One squalid afternoon, Clinton McKenzie saved his beloved son from the dark end of a coma in a grubby hotel room in south London, at a time when his boy, a fallen Premier League striker, was dedicated to death.

On the bedside table that afternoon were the discarded packages of more than 40 swallowed pills. The tiny tablets, combined with the whisky, had started to blur the bleak lines of young Leon’s life. He was going to die before his father came through the door, surrounded by panicked hotel staff, fell to his knees to cradle his son’s head and started talking to him: “Champ, wake up.” He never wanted to, but he did.

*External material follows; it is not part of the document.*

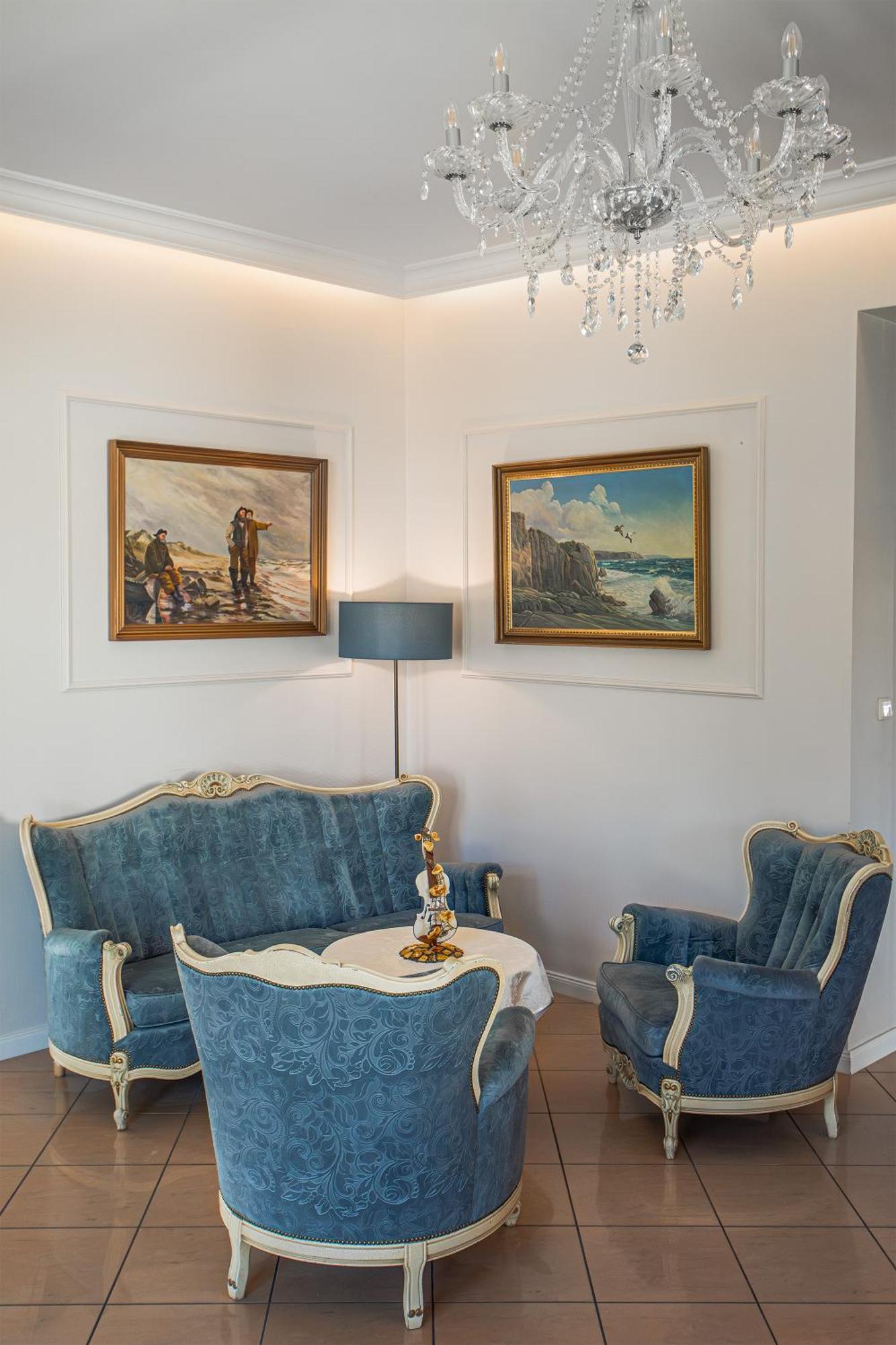 Moris Boutique Beach Hotel Gdansk Exterior foto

That awful day was in 2009 and on Saturday night at York Hall, east London, the pair embraced in the centre of the ring when Leon, having his eighth professional fight at 37 years of age, forced John McCallum to quit on his stool at the end of the sixth round in a stupidly personal fight.

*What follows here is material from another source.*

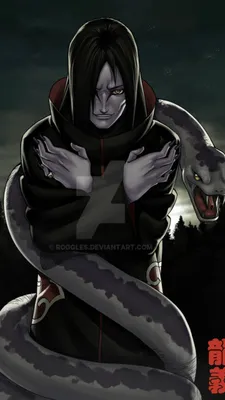 Orochimaru – Seeker of Immortality – Wannabe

The fight on Saturday was an eliminator for the British super-middleweight title, which is being fought for in Liverpool next month when Callum Smith and Rocky Fielding meet, but there were far more important prizes for the winner than the endless promises that the boxing business routinely makes to fighters.

Long before McCallum and McKenzie met to punch each other on Saturday night, their unpleasant encounter had started to turn sour when the Scottish boxer took a series of thoughtless and ugly swipes at McKenzie’s troubled life. The uncensored online boxing media gave him a voice without any decency or sense and it was McKenzie’s children and family who found the slurs on the internet.

“He called me ‘Suicide Leon’ and did interviews online where he proved his ignorance by talking about how people should just get on with it if they are having a bad day,” said McKenzie. It was not the usual banter, trust me, and McKenzie, after 18 long years inside professional football, knows about what you can say, and what you can’t say. He admits that he used his fists, when he was still getting paid for using his feet, when people crossed the line.

“I had to educate him, to tell him how wrong he was,” added McKenzie. “Depression is a mental illness, you don’t just ‘get on with it’. I told him that, I showed him that. He never apologised, but I went over at the end and shook his hand, I wanted to be the better man: I was.”

McKenzie Snr knows about the promises, the broken ones and the false ones, that ruin the careers of even the very best fighters McKenzie was an Olympian in 1976, losing to Sugar Ray Leonard, then won British and European titles as a professional, but never got near the world title fight he deserved and was promised.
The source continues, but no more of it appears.